Commençons par l’argument « temps » :

Je ne sais pas si je suis le dernier citoyen à utiliser des courriers à timbre rouge, mais une chose est certaine : pour écrire régulièrement à ma famille, je peux vous garantir que même en « service urgent », mes courriers mettent actuellement plus de deux ou trois jours pour leur parvenir… quand ils leur parviennent.

Autrement dit, on a déjà, avec les timbres rouges, un service « déclassé ». Je n’ose imaginer ce que ce sera avec les seules « lettres vertes » !

L’argument « écolo » à présent :

La Poste annonce ainsi qu’elle économisera quelque « 60 000 tonnes de CO2 par an ».

Mazette !

« Pour acheminer quotidiennement les Lettres prioritaires, expliquent ces génies de la direction, La Poste sillonne la France avec une centaine de camionnettes, très peu remplies, à l’exemple de la liaison Dijon-Rennes, avec un véhicule qui parcourt 600 km chaque nuit pour seulement 500 lettres. »

Mais, Madame La Poste, si vous tenez absolument à réduire votre empreinte carbone, plutôt que de réduire encore la qualité de votre service en faisant payer les usagers… pourquoi ne renouvelez-vous pas votre parc automobile en choisissant des véhicules à énergie renouvelable ?

Qui vous oblige à continuer à rouler en camionnettes à énergie fossile ?

Votre brusque conscience écologique a bon dos !

L’argument « usager », enfin :

Prétendre s’adapter aux besoins de sa clientèle est une rengaine usée des services publics depuis qu’ils sont privatisés.
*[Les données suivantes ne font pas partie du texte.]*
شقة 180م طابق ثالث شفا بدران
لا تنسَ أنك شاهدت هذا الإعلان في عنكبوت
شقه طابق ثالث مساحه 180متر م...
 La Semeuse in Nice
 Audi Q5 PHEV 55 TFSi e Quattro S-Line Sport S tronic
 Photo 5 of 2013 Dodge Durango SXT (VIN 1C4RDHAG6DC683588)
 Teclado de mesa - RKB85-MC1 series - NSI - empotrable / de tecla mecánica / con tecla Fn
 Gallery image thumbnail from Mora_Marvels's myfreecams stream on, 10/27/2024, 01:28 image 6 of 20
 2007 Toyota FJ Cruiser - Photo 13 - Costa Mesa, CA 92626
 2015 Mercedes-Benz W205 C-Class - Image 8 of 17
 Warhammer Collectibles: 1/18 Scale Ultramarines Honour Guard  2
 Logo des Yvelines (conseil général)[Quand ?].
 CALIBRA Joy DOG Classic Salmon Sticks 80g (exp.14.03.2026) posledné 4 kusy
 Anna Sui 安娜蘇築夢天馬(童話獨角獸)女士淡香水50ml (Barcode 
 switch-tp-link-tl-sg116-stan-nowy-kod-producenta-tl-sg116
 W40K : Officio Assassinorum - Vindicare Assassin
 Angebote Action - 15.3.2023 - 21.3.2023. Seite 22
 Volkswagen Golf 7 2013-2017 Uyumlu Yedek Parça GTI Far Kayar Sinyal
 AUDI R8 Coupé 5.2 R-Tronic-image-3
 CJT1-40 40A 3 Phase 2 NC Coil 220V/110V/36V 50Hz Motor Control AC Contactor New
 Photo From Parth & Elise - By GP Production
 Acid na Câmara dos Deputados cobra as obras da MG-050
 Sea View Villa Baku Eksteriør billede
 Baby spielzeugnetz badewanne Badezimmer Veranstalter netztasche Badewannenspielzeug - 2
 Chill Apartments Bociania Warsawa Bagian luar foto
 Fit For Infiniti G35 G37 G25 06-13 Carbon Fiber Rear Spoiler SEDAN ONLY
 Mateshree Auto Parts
On a vu la SNCF à l’œuvre, qui a fermé des lignes qui n’étaient plus suffisamment rentables sous prétexte que plus personne ne les utilisait… et en pénalisant ceux qui les utilisaient encore !

La Poste ignore-t-elle encore que, pour des milliers de séniors vivant en milieu rural et isolées, le passage quotidien du facteur est l’une des rares occasions d’avoir un échange humain, si ce n’est le dernier ?

Cette réduction supplémentaire des services de La Poste n’est donc qu’un avatar supplémentaire du mépris pour une partie de ses usagers, qui a le tort d’être minoritaire et de ne pas pouvoir se plaindre.

La « lettre verte » n’a de vert que le nom.